Imagine a group of attractive twenty-somethings flying to Las Vegas every weekend with millions of dollars to enjoy the good life. No, it's not the story of Paris Hilton or the latest "Real World" cast. It's the plot of 21, a new movie based on the true story of MIT students who learned how to legally beat blackjack and ended up taking home millions from nearly every casino on the Strip.

21 is based on the bestseller Bringing Down the House, the 2002 book which told the story of the students' undercover blackjack teams. The film follows Ben Campbell (Jim Sturgess), a working class Bostonian struggling to pay tuition at MIT. When math professor Micky Rosa (Kevin Spacey) recruits him to join the blackjack team and make quick cash in Las Vegas, he is hesitant but eventually agrees to play until he raises enough for school.

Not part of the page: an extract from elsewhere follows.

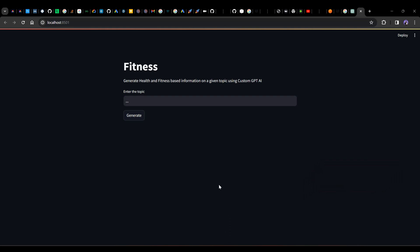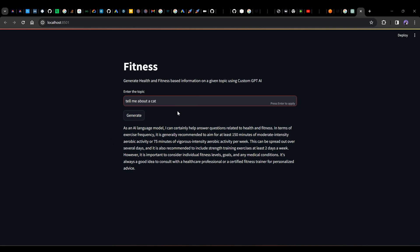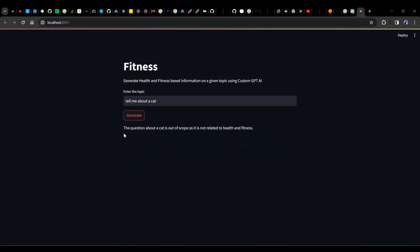Let me show you the demo. This is the web application I created for my custom ChatGPT, which is designed to give answers only related to health and fitness. I'll paste a question: 'How frequent in a week do I have to exercise?' — and I get a relevant answer. Now let me ask: 'Tell me about a cat.' The ChatGPT responds that this question is out of scope, as it is not related to health and fitness.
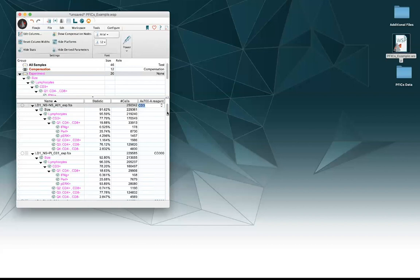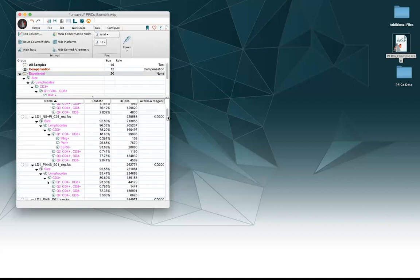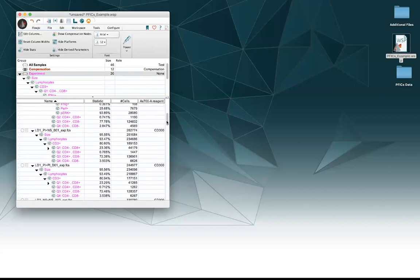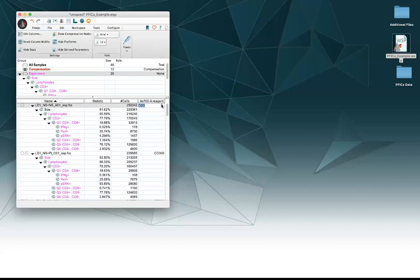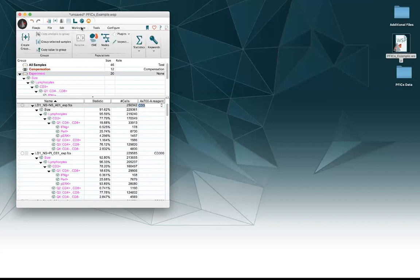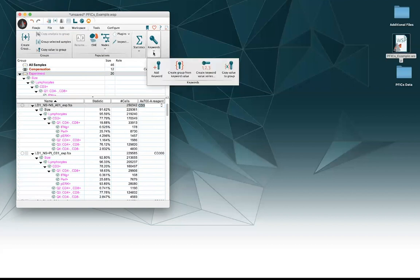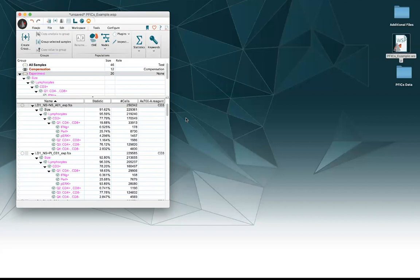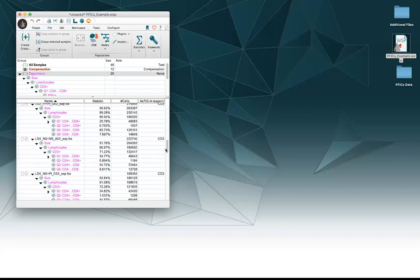Unfortunately though, it's named wrong for all my samples. So if I want to quickly apply that name change to all the samples in the group, that's very easy to do. All I have to do is go to my workspace tab, go to the keywords, hit copy value to group, and now they're all CD3. Perfect.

Typical to most movies about sudden riches, Ben falls victim to the excesses of Vegas and refuses to quit the team, even as he is pursued by a menacing pit boss (Laurence Fishburne). Of course the plot ends up resolving itself and the students learn the clicheacute; message of money's inability to buy happiness. But the movie provides an interesting perspective on the Vegas lifestyle as these students undergo a transformation from geeky MIT kids to flashy highrollers every weekend.

Even if 21 is predictable at times, the visuals compensate. Shot in Las Vegas and Boston, the locations bring the film to life and those involved couldn't be happier about it.

"It captures such a feel from the book," said Ben Mezrich, author of Bringing Down the House, in a roundtable interview with The Beacon. "I feel like Boston has never looked better in a movie."

Aside from the scenes in MIT dorms and classrooms, many other Boston locations play a role in the movie, including the Chinatown gambling houses where Ben is initiated into the team, and a team dinner held at the 24-hour South Street Diner. Instead of the crime-ridden depictions of Dorchester and South Boston recently seen on screen in The Departed and Gone Baby Gone, Boston appears as a quiet and studious city, the polar opposite of everything the characters see in Las Vegas. Meanwhile, Cambridge is seen only from the perspective of MIT students solving equations and lamenting about not getting a date.

Shooting in actual casinos was a slightly disorienting experience, especially for Sturgess, who hails from England.

"I went to the toilet in the casino and I came back and I couldn't find the set," he told The Beacon in a separate roundtable interview. "To lose a film set in a casino is not an easy thing to do, but it's only possible in Vegas."

Although they enjoyed filming in Sin City, the cast started to lose sight of reality after six weeks of shooting and parties.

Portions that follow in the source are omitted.